→ AIM OF THE TASK:
Line by line, copy out the entries exactly and leave the pictures behind.

→ MATERIAL SUPPLIED:
====================

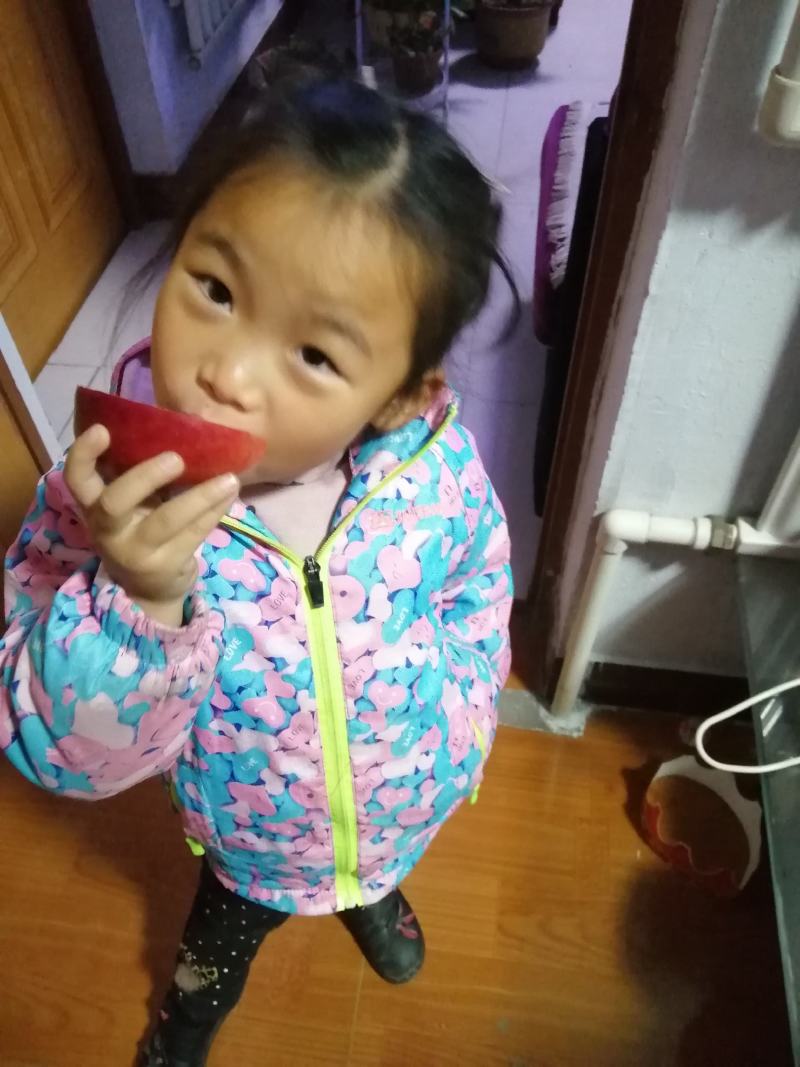 【推荐】红肉苹果苗红色之爱苹果苗红肉苹果苗根系发达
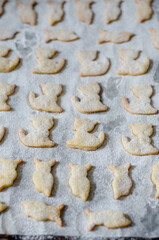 czech christmas cookies in animal shapes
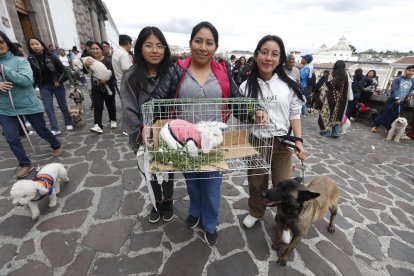Mayra Fuentes y sus hijas llevaron a su mascota Loly, una coneja de 4 meses.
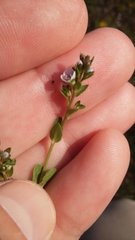 Veronica serpyllifolia serpyllifolia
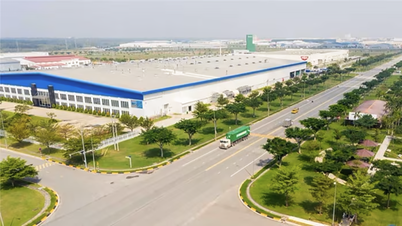 230 tỷ đồng xây tái định cư phục vụ dự án Khu công nghiệp Bình Thanh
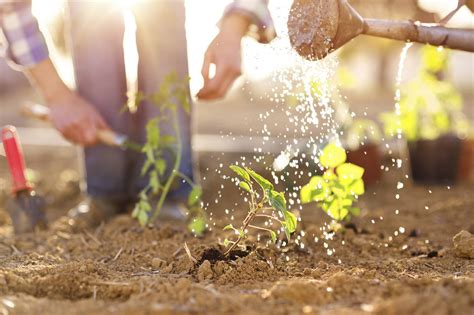 Pr T Feu Plantez C Est Le Moment De Lancer Votre Potager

====================

→ OUTPUT FOR THIS TASK:
 【推荐】红肉苹果苗红色之爱苹果苗红肉苹果苗根系发达
 czech christmas cookies in animal shapes
Mayra Fuentes y sus hijas llevaron a su mascota Loly, una coneja de 4 meses.
 Veronica serpyllifolia serpyllifolia
 230 tỷ đồng xây tái định cư phục vụ dự án Khu công nghiệp Bình Thanh
 Pr T Feu Plantez C Est Le Moment De Lancer Votre Potager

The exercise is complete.